I have tried it which goes as follows:
$${n\over n^4+n^2+1}={n\over(n^2+1)^2-n^2}={(n^2+1+n)-(n^2+1-n)\over2(n^2+1-n)(n^2+1+n)}=a_{n-1}-a_n,$$
where $a_n=\dfrac12\dfrac1{n(n+1)+1}$. Thus it becomes a telescopic series:
$$\sum_{n=1}^N{n\over n^4+n^2+1}=a_0-a_N\implies\sum_{n=1}^\infty{n\over n^4+n^2+1}=\lim_{N\to \infty}(a_0-a_N)=a_0-0={1\over2}$$
So
$$\left\lfloor\sum{n\over n^4+n^2+1}\right\rfloor=\left\lfloor{1\over2}\right\rfloor=0$$
But I cannot evaluate the second sum i.e.
$$\left\lfloor\sum{n^2\over n^8+n^4+1}\right\rfloor$$
Can anybody solve the 2nd part? Thanks for assistance in advance.
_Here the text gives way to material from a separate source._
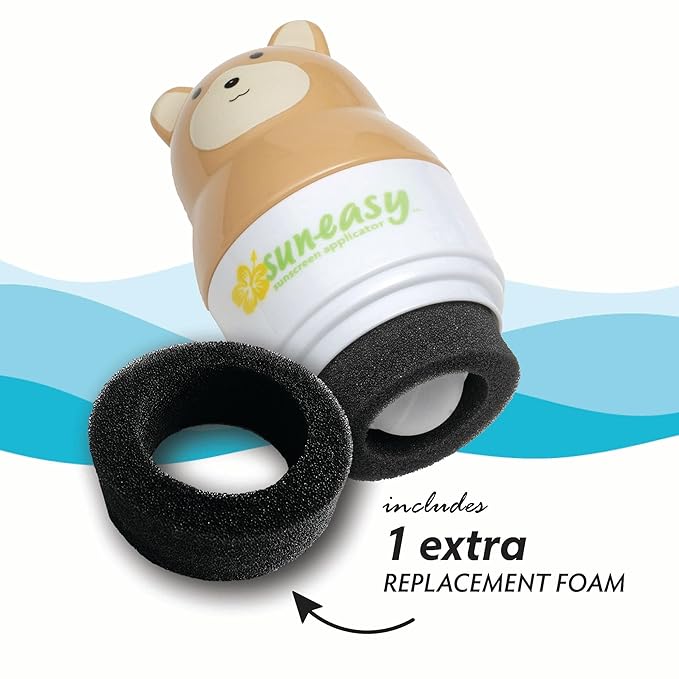 YAYA ORGANICS Sun-Easy Sunscreen Applicator, Refillable Roll-On with Sponge for Kids and Babies, Fun, Fast and Mess-Free application, Holds 100 ml, Bear/Blue Cap-Velvo Beauty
We don't have to evaluate the second sum. We just need to prove that it's lower than $1$, so that its integer part is $0$. On that note, notice that:
$$\frac{n^2}{n^8+n^4+1} \leq \frac{n^2}{3n^4} = \frac{1}{3}\cdot \frac{1}{n^2} \leq \frac{1}{3} \cdot \frac{1}{n(n-1)} = \frac{1}{3}\left( \frac{1}{n-1}-\frac{1}{n}\right)$$
for any $n \geq 2$. So:
$$\sum_{n=1}^{\infty} \frac{n^2}{n^8+n^4+1} = \frac{1}{3} +\sum_{n=2}^{\infty} \frac{n^2}{n^8+n^4+1}\leq \frac{1}{3}+\frac{1}{3}\sum_{n=2}^{\infty} \left( \frac{1}{n-1}-\frac{1}{n}\right) = \frac{1}{3}+\frac{1}{3}=\frac{2}{3}$$
In conclusion
$$\left\lfloor\sum_{n=1}^{\infty} \frac{n^2}{n^8+n^4+1}\right\rfloor = 0$$
and your final answer is $0$ as well.